By Nina Mulamba
Google finally joined the bandwagon by launching a new service called Cloud Dataproc whose purpose is for processing Big Data and analytics. The platform supports real-time streaming, batch processing, querying, and machine learning. This service complements existing data services such as BigQuery, Bigtable, Cloud Dataflow, and Cloud Pub/Sub.
Cloud Dataflow is a unified programming model and a managed service for developing and executing data processing patterns such as ETL, batch computation, and continuous computation. Cloud Pub/Sub is an asynchronous messaging engine based on publishes-subscribe pattern for sending and receiving messages.
Cloud Bigtable is a scalable NoSQL database that is compatible with HBase while the BigQuery is the managed data warehouse and analytics platform.
A typical Big Data platform needs services for ingestion, streaming, transformation, storage, querying, real-time processing, and batch processing therefore, Cloud Dataproc plugs a significant gap that existed in Google Cloud Platform while integrating with existing Google Cloud Platform services.
Google claims that its Big Data stack is much cheaper and faster than the competitive offerings as it will only take 90 seconds for operations such as starting, scaling, and shutting down a cluster.
This feature lets customers focus on the processing job than managing the clusters therefore the compute is priced at 1 cent per virtual CPU in addition to the standard Google Cloud Platform resources.

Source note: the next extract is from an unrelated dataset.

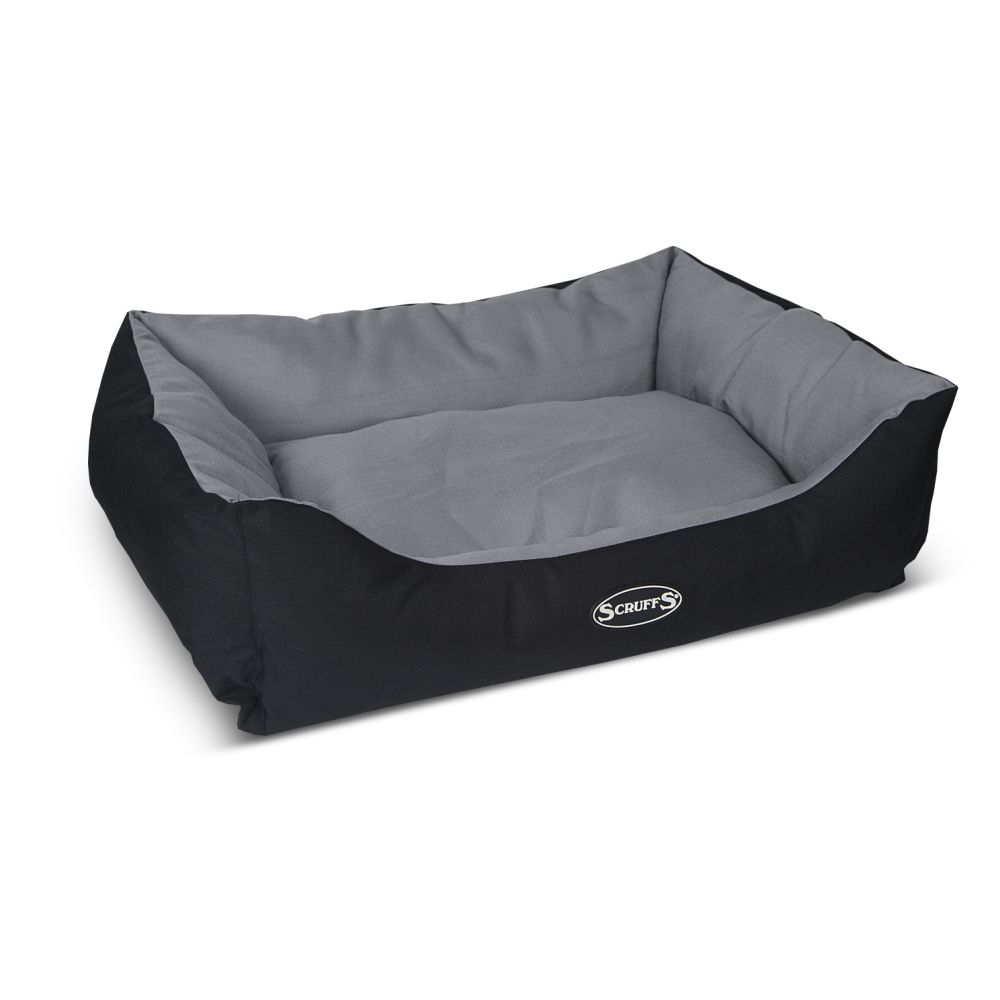 Hundebett | Expedition Box | versch. Varianten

This cost is for spinning up and running a Hadoop or Spark cluster.
Cloud Dataproc is accessible from Google Developers Console, command line interface of Google Cloud SDK, and Cloud Dataproc REST API. The platform runs on Spark 1.5 and Hadoop 2.7.1.
Though Google is late to the party, its credibility in the space of Big Data and the engineering innovations in Google Cloud Platform will help the company acquire customers.
Google still charges you for Compute Engine, Big table and Cloud Storage separately. Customers can take advantage of the pre-emptible VMs for jobs that run for a short duration.